Tillsonburg Fire Services calls it Project Green Light.
Since 1990, when responding to emergencies, volunteer firefighters have been able to use flashing green lights on or in their vehicles. The flashing green strobe lights help drivers recognize firefighters en route to an emergency - encouraging them to be courteous and yield the right-of-way.
Project Green Light was initiated locally as a reminder to drivers. In the past two years, firefighters have put up signs in town asking people to 'Yield To Flashing Green Light - Firefighter Responding To Emergency.'
"We're happy the town got on board with getting these (signs) out," said volunteer firefighter Jason Bezaire. "The next step, I'd like to see it in the arena. Our arena is one of the only ones I've seen without it. Most arenas have a big banner behind the benches... and the arenas are always busy."
You will see the signs prominently displayed with the service club signage coming into town, including north Broadway and on Hwy 3, along with a smaller sign on Concession Street near the fire hall.
"We used to have the smaller (signs) here," said volunteer firefighter Jason Bezaire, near the RE/MAX office on Broadway. "But we found they weren't visible, so we went larger. Since we changed it to the larger one we noticed it's making a difference. More people are yielding when we're responding to a call."
In Tillsonburg, there are 32 volunteer firefighters. But there are also firefighters who live in Tillsonburg who respond to fires for neighbouring departments, like Brownsville and Courtland.
"You see the green lights a lot in this area," said Bezaire.
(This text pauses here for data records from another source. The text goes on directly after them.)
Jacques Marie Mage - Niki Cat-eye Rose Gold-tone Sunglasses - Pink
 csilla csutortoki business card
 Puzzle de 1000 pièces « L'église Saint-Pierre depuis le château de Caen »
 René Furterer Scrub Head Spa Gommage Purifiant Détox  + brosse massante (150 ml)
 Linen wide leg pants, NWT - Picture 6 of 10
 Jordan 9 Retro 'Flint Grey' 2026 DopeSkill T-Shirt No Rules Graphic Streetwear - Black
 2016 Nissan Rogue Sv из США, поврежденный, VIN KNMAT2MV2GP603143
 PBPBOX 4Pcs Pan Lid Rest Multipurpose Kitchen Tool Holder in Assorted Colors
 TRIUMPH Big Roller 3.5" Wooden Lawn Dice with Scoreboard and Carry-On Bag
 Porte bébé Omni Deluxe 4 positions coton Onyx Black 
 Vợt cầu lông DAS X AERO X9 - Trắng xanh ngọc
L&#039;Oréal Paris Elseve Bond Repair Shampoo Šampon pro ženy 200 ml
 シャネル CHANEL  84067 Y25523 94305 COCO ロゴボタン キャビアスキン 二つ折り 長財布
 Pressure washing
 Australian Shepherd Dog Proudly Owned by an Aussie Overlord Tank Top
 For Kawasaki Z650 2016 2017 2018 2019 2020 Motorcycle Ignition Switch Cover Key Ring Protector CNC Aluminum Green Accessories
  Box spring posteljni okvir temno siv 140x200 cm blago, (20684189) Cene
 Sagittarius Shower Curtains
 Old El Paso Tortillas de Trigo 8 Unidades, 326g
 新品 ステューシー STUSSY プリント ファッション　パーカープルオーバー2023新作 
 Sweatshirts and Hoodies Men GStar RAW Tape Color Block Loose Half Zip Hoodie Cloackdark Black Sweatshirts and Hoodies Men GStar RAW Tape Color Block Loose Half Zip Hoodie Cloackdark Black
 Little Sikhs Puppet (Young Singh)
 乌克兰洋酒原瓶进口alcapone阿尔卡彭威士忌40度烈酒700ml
"For Jay and I, it's our third year in this Green Light Project," said volunteer firefighter Dave Metselaar. "It was just a case of getting the funding and trying to educate people."
"It's not a law yet," Bezaire noted. "It's a courtesy thing. If you see a green flashing light we're responding to a call, which may be your house. So just put your signal on, pull over. They can still 'go', just make way for us to get by."
"That would be a courteous thing to do," said Metselaar. "It (flashing green light) does not give us any more right to go faster - we still have to abide by the speed limit ourselves. So it's not like we can go 80 km/h down Broadway, we still have to abide by the speed limit."
"We still have to abide by the rules of the road," Bezaire nodded.
"If somebody pulls over and makes way for us, we don't have to worry about them turning somewhere, slamming their brakes on, it's just one more obstacle we don't have to concentrate on. Turn the signal on so we know what you're doing."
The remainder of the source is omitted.